According to the Environmental Protection Agency, the incidence of drought has remained fairly constant in the United States over the past 100 years. When one looks at the Palmer Drought Severity Index (PDSI), which is the most commonly method of assessing drought, there have been several dry periods in the last century but also considerable wet periods. Overall it is hard to establish a strong national trend that lasts more than a few decades. However, since the 1980’s the US has been on a general “drying” trend.


When considering global trends, many of the sites that I referenced referred to a 2012 Princeton University and Australian National University study that suggested that the PDSI, which was developed for use in the American Midwest, actually overestimated the extent of global drought. The authors, who all seemed to be credible in their fields relating to Environmental Engineering and Water Resources, conducted a new analysis considering aspects such as wind speed, solar and infrared radiation, and humidity. The result showed less global drought than previously estimated, however, there is still a strong overall drying trend related to global drought… particularly across the Europe, African continent, and eastern Asia.


This study represented the extent of the disagreement regarding droughts and climate change that I could find. Opposed to it being a question of whether or not global drought would become more severe, the question was how severe it would become.

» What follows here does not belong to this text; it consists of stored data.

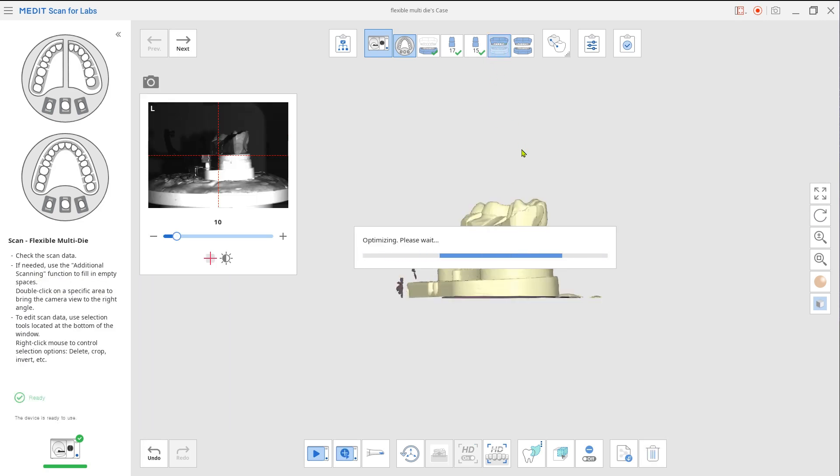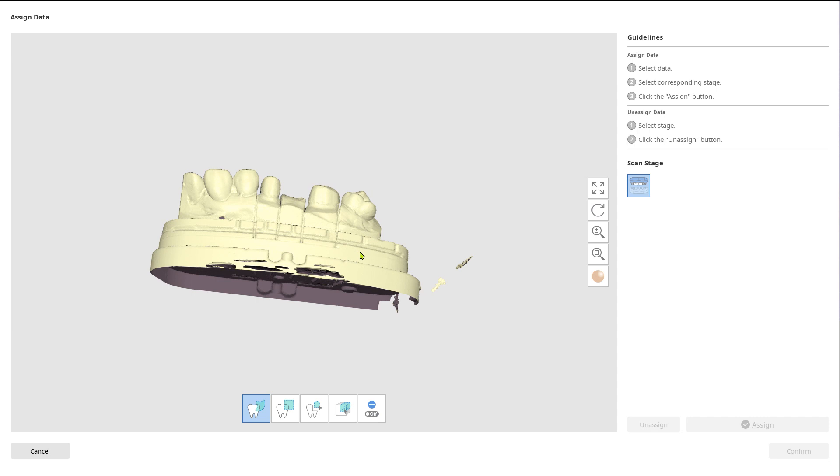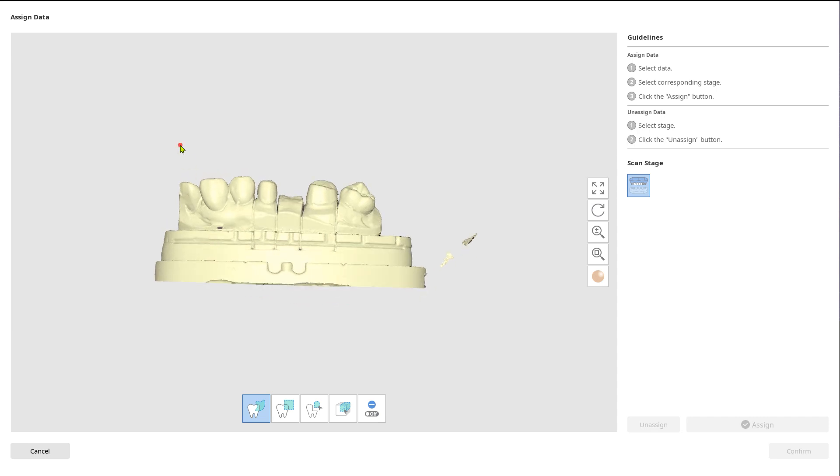Go to maxilla and assign the data to maxilla base and prep teeth from the right scan stage.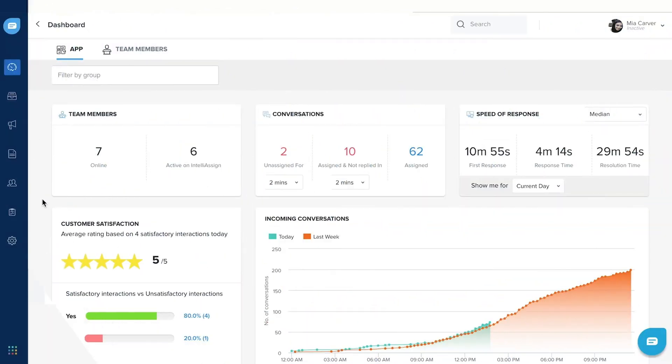With FreshChat Dashboard, you can track the customer experience that you are delivering in real-time.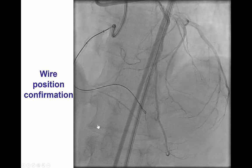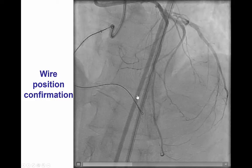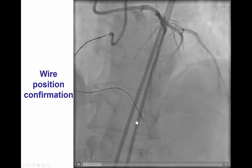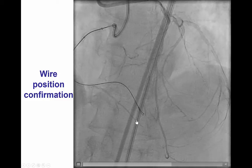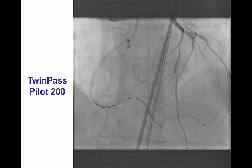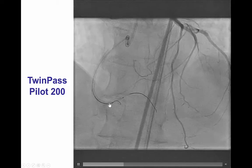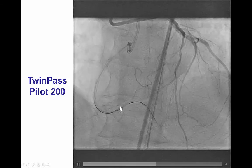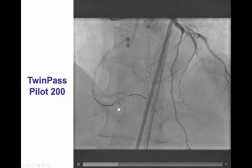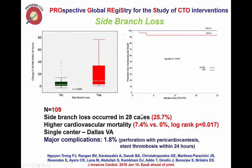Contralateral injection showed that the wire had gone into the posterolateral branch, whereas the PDA remained occluded. We did several attempts to wire the posterior descending artery using a twin-pass dual-lumen microcatheter and several guide wires; however, we were unable to advance a wire into the PDA.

According to a summary published (I couldn't find a full text of the actual study), the new analysis suggests that the extent of drought would increase at a rate of about one 7th the value projected by the Intergovernmental Panel on Climate Change in 2007. While I feel that the authors are well established in their field and are fairly reputable, I feel that between the number of initial web returns relating to the study and the seemingly doubtful tone that they cast on the future of global droughts, the discrepancy should be taken with a grain of salt.

A similar analysis by the US Department of agriculture presented in the form of a detailed map reveals that the areas most at risk of desertification are regions that currently border major deserts (much of Africa and the middle east), as well as areas that are accustomed to semi-permanent snow pack (the Rockies and Western US). I am inferring, the fact that the American west is at significant risk for desertification to be related to the loss of glaciers and snow pack resulting in a much drier local climate. This has the potential to lead to significant changes in local ecosystems as less water reserves in glaciers leads to drier soils, which in turn can completely affect the local vegetation throughout the local watershed. It can also affect how the local region responds to the normal rains/snow/heatwaves that it experiences.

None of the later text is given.